Fig. 49.—Map showing the glaciated area of Europe according to J. Geikie, and the moraines in Britain and Germany according to Lewis and Salisbury.
The physical geography of Europe is so different from that of America, that there was a marked difference in the secondary or incidental effects of the Glacial period upon the two regions. In America the continental area over which the glaciers spread is comparatively simple in its outlines. East of the Rocky Mountains, as we have seen, the drainage of the Glacial period was, for a time, nearly all concentrated in the Mississippi basin, and the streams had a free course southward.

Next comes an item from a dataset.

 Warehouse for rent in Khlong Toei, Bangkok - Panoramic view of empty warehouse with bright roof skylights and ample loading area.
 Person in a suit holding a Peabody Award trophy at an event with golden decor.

But in Europe there was no free drainage to the south, except over a small portion of the glaciated area in central Russia, about the head-waters of the Dnieper, the Don, and the Volga; though the Danube and the Rhône afforded free course for the waters of a portion of the great Alpine glaciers. But all the great rivers of northern Europe flow to the northward, and, with the exception of the Seine, they all for a time encountered the front of the continental ice-sheet. This circumstance makes it difficult to distinguish closely between the direct glacial deposits in Europe and those which are more or less modified by water-action. At first sight it would seem also somewhat hazardous to attempt to correlate with any portion of the Glacial period the deposition of the gravelly and loamy deposits in valleys, which, like those of the Seine and Somme, lie entirely outside of the glaciated area.

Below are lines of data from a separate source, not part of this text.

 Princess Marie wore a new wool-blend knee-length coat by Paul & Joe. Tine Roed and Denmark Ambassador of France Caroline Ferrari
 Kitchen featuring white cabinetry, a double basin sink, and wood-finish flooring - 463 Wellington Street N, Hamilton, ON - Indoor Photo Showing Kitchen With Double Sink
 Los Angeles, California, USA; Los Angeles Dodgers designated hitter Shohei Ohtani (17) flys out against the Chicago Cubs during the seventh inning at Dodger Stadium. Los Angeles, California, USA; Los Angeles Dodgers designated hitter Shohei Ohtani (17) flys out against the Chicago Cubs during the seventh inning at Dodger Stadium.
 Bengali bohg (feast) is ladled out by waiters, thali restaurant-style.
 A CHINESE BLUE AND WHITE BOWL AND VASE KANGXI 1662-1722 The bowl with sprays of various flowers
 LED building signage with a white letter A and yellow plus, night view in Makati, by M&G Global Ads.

Upon close examination, however, the elements of doubt more and more disappear. The Glacial period was one of great precipitation, and it is natural to suppose that the area of excessive snow-fall extended considerably beyond the limit of the ice-front. During that period therefore, the rivers of central France must have been annually flooded to an extent far beyond anything which is known at the present time. Since these rivers flowed to the northward, at a period when, during the long and severe winters, the annual accumulation of ice near their mouths was excessive, ice-gorges of immense extent, such as now form about the mouths of the Siberian rivers, would regularly occur. We are not surprised, therefore, to find, even in these streams, abundant indications of the indirect influence of the great northern ice-sheet.
The indications referred to consist of high-level gravel terraces occasionally containing boulders, of from four to five tons weight, which have been transported for a considerable distance. The elevation of the terraces above the present flood-plains of the Seine and Somme reaches from 100 to 150 feet. We are not to suppose, however, that even in glacial times the floods of the river Seine could have filled its present valley to that height. The highest flood in this river known in historic times rose only to a height of twenty-nine feet. Mr. Prestwich estimates that, without taking into consideration the more rapid discharge, a flood of sixty times this magnitude would be required to fill the present valley to the level of the ancient gravels, while at Amiens the shape of the valley of the Somme is such that five hundred times the mean average of the stream would be required to reach the high-level gravels. The conclusion, therefore, is that the troughs of these streams have been largely formed by erosion since the deposition of the high-level gravels.